## WHAT THE EXERCISE ASKS
In the entries that follow, find each line with the word "white" and copy it.

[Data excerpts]

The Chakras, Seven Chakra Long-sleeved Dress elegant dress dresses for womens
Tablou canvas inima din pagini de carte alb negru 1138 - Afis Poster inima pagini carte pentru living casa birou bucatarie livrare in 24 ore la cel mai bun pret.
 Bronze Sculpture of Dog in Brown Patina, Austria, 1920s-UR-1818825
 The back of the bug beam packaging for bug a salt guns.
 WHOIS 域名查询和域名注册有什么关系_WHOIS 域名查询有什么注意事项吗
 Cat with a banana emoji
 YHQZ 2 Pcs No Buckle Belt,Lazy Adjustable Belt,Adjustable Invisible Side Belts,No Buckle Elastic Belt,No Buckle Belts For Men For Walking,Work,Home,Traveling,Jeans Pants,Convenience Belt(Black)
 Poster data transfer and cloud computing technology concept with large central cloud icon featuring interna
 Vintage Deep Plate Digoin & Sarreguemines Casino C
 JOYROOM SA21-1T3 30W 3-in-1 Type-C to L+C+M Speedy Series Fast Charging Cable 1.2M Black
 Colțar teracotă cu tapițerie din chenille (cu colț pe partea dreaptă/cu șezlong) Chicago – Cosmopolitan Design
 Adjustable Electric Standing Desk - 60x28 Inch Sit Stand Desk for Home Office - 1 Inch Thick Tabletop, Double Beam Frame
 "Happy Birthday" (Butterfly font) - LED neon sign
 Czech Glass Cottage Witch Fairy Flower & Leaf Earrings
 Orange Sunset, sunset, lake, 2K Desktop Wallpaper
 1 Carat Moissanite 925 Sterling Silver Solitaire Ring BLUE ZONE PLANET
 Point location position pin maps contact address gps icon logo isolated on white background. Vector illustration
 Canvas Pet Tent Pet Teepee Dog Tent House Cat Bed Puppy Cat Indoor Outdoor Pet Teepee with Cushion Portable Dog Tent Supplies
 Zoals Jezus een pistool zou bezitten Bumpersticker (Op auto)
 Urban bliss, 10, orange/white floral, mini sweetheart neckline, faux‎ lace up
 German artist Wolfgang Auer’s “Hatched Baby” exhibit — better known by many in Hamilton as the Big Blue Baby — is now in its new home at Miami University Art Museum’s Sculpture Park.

## SOLUTION TO THIS PROBLEM
 Point location position pin maps contact address gps icon logo isolated on white background. Vector illustration
 Urban bliss, 10, orange/white floral, mini sweetheart neckline, faux‎ lace up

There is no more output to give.